(Crawled caption data)
::::::::
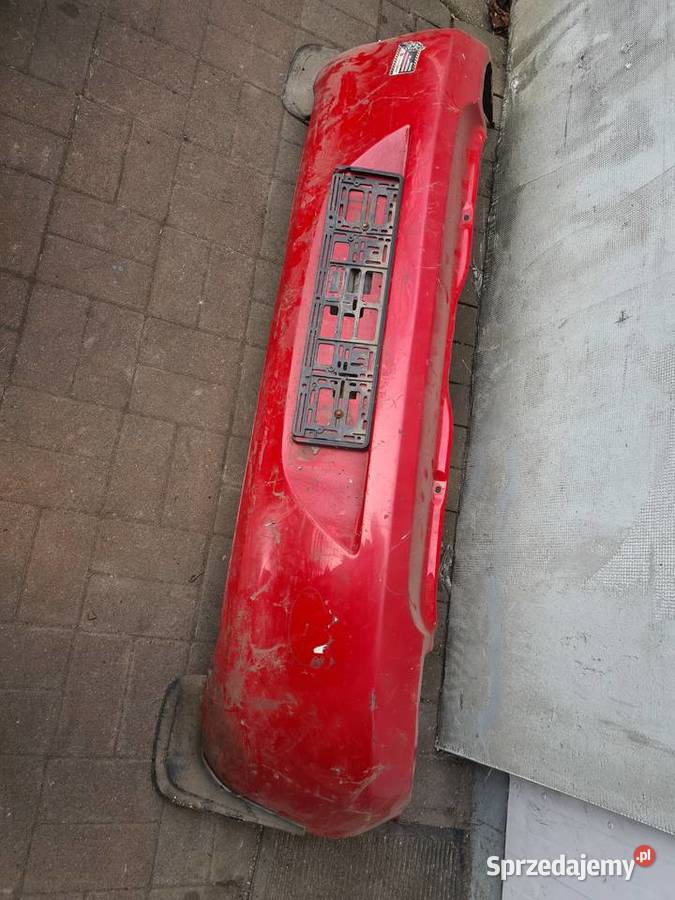 Zderzak tył Clio 2 Campus Storia Poznań sprzedam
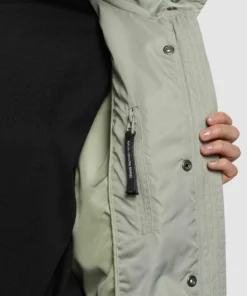 Khujo DAYES - Parka - Blassgrün, Mujer -KHUJO Tienda ed3f6ce42a194e1797a9afe44c06f51c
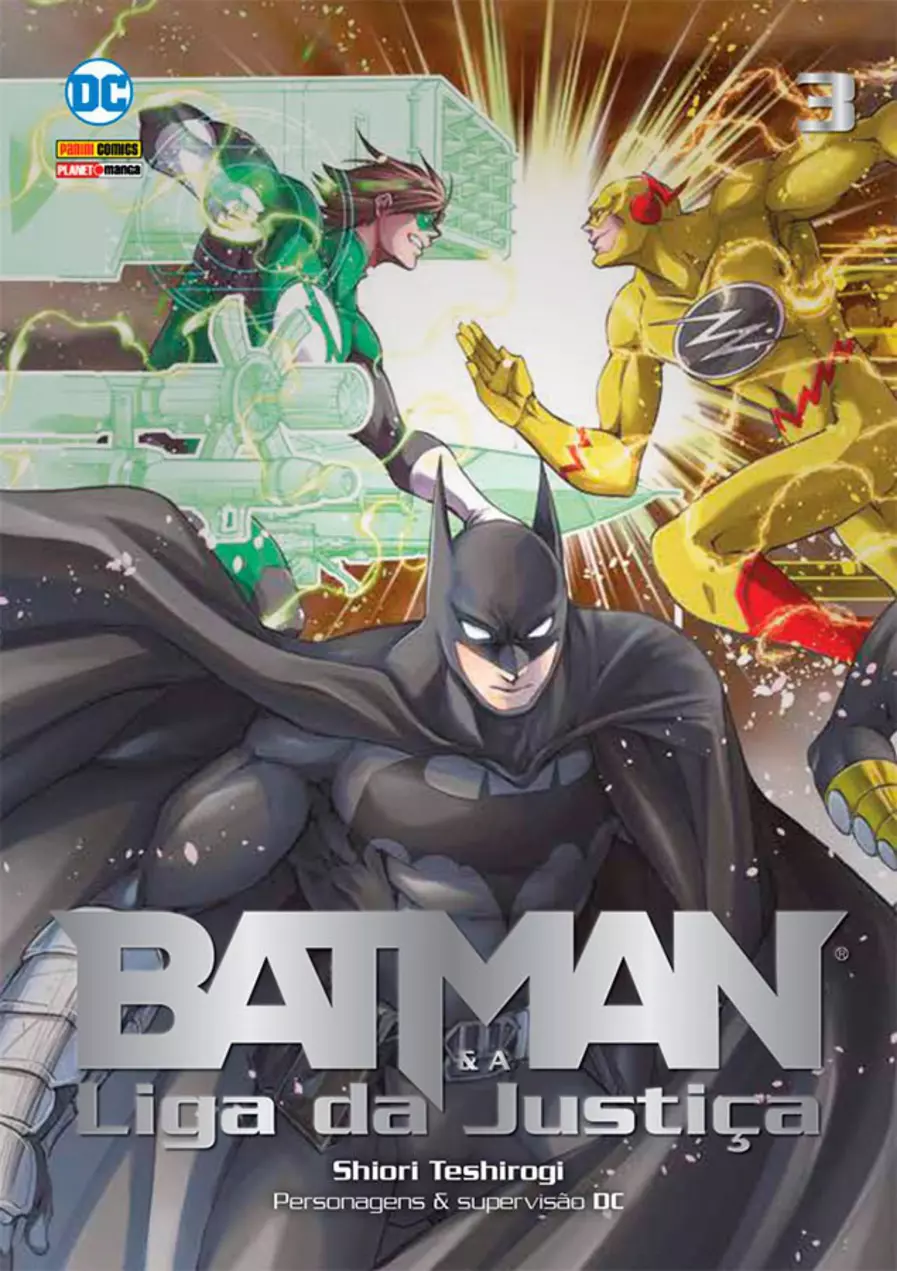 Batman e a Liga da Justiça 03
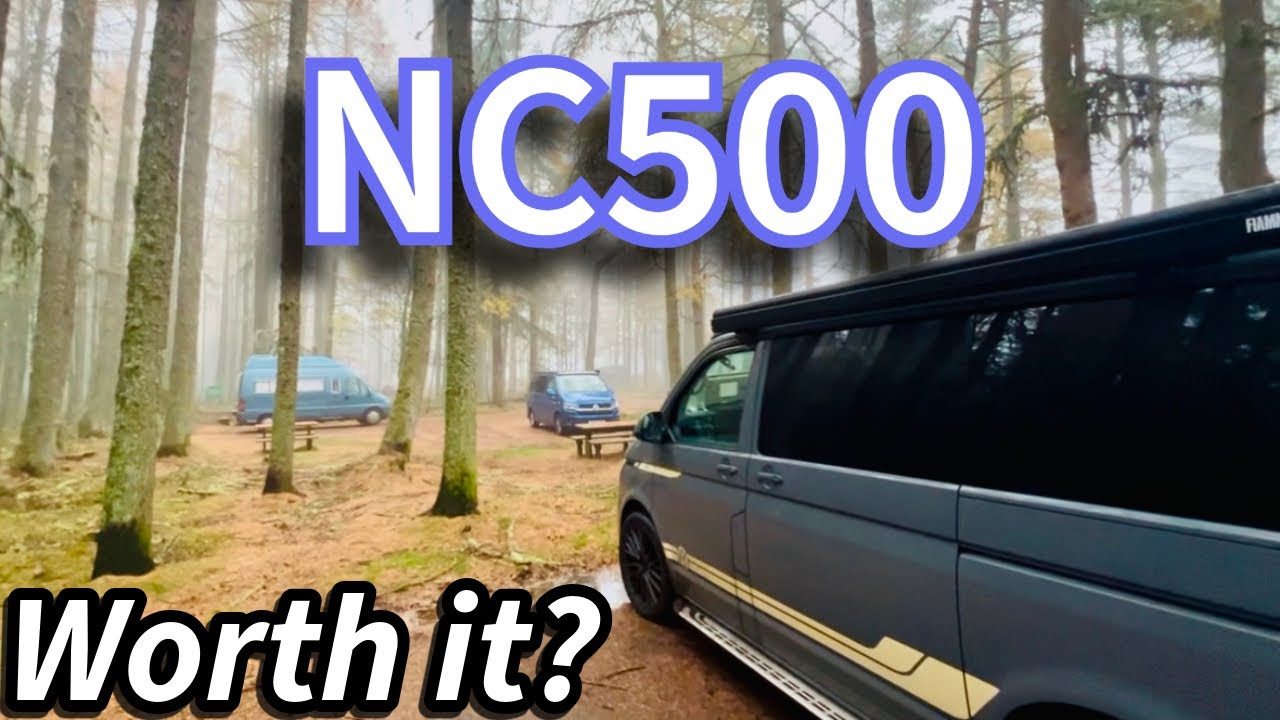 Самый живописный маршрут Шотландии на кемпере — с востока на запад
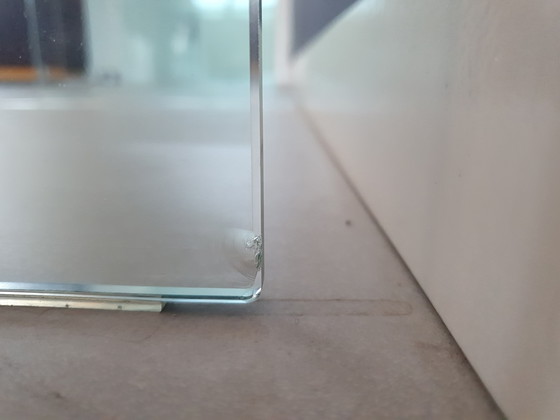 Image 1 of FIAM Italy 'Ponte' Glasbeistelltische (3)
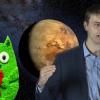 Зеленый кот о космическом контенте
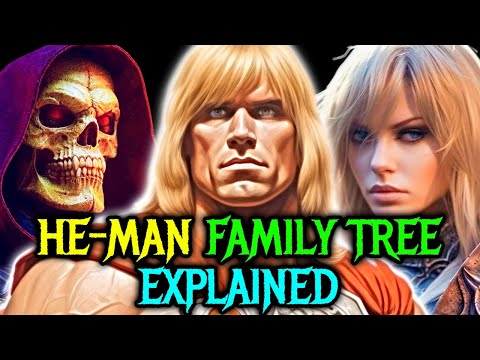 9 (Every) Insanely Powerful He-Man Family Members - Explained - Entire He-Man Family Tree - Explored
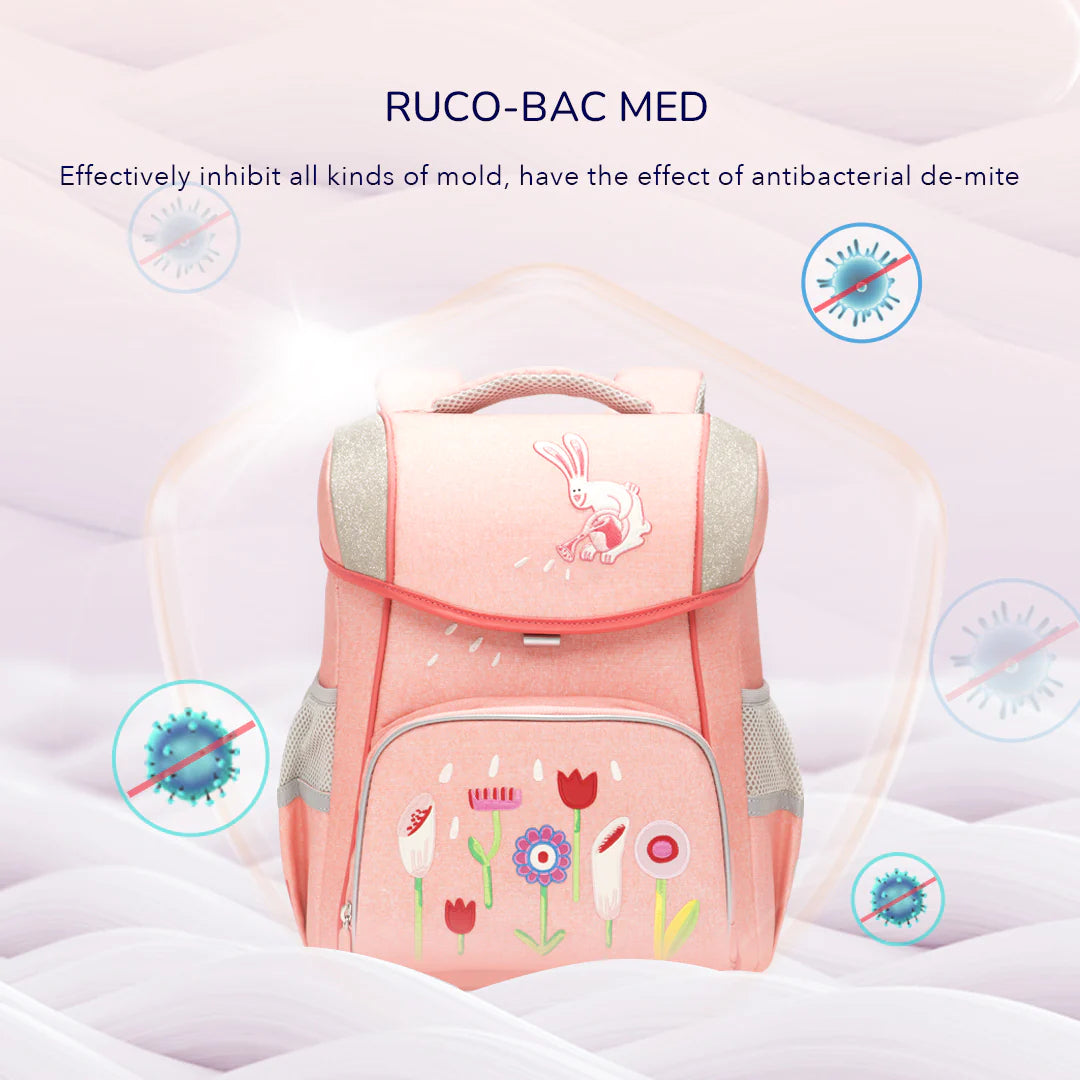Mideer - Spinecare Kids Backpack - Flower Fairytale - Age 6-9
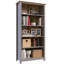 Bibliothèque en bois de pin massif Albrecht-104817407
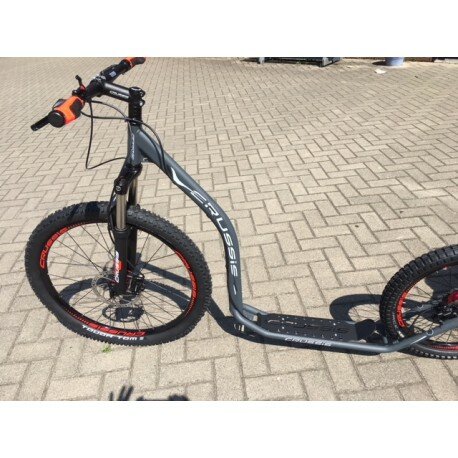 Crussis Cross 6.3 antraciet hondenstep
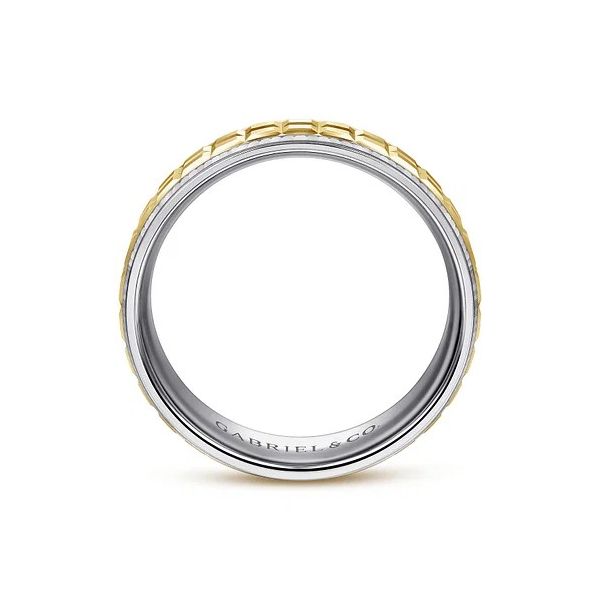 Men's Wedding Band Image 3 Mathew Jewelers, Inc. Zelienople, PA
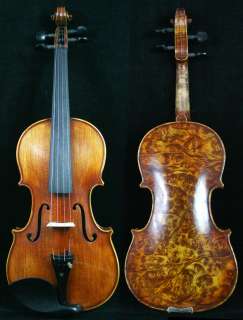 Come with rectangle Violin case, high quality bow and Rosin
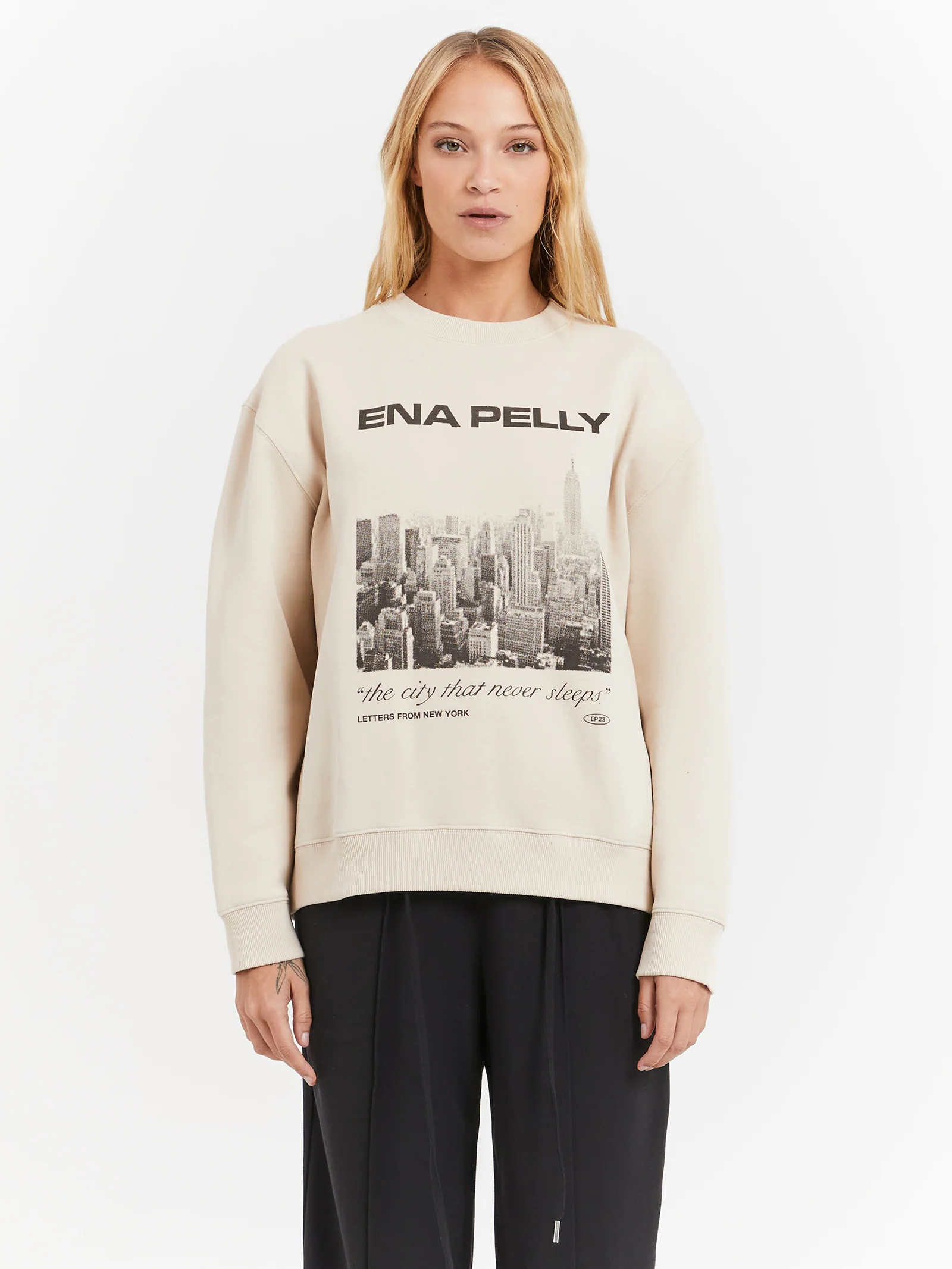Letters From NY Oversized Sweater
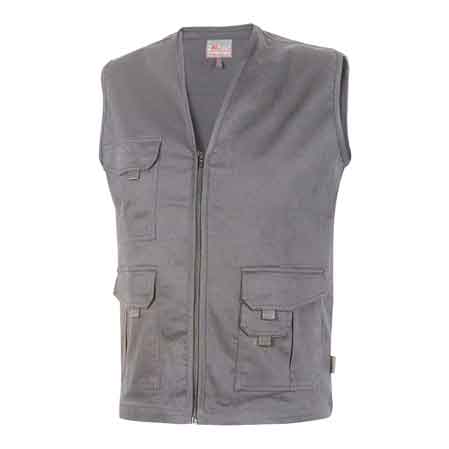 Gilet multitasche Chica grigio Upower tg. l - HD casa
::::::::
Reproduce the lines above, exactly and exclusively, from the line containing "Khujo DAYES - Parka" down to the last line, both included; pictures are not part of the copy.

 Khujo DAYES - Parka - Blassgrün, Mujer -KHUJO Tienda ed3f6ce42a194e1797a9afe44c06f51c
 Batman e a Liga da Justiça 03
 Самый живописный маршрут Шотландии на кемпере — с востока на запад
 Image 1 of FIAM Italy 'Ponte' Glasbeistelltische (3)
 Зеленый кот о космическом контенте
 9 (Every) Insanely Powerful He-Man Family Members - Explained - Entire He-Man Family Tree - Explored
Mideer - Spinecare Kids Backpack - Flower Fairytale - Age 6-9
 Bibliothèque en bois de pin massif Albrecht-104817407
 Crussis Cross 6.3 antraciet hondenstep
 Men's Wedding Band Image 3 Mathew Jewelers, Inc. Zelienople, PA
 Come with rectangle Violin case, high quality bow and Rosin
Letters From NY Oversized Sweater
 Gilet multitasche Chica grigio Upower tg. l - HD casa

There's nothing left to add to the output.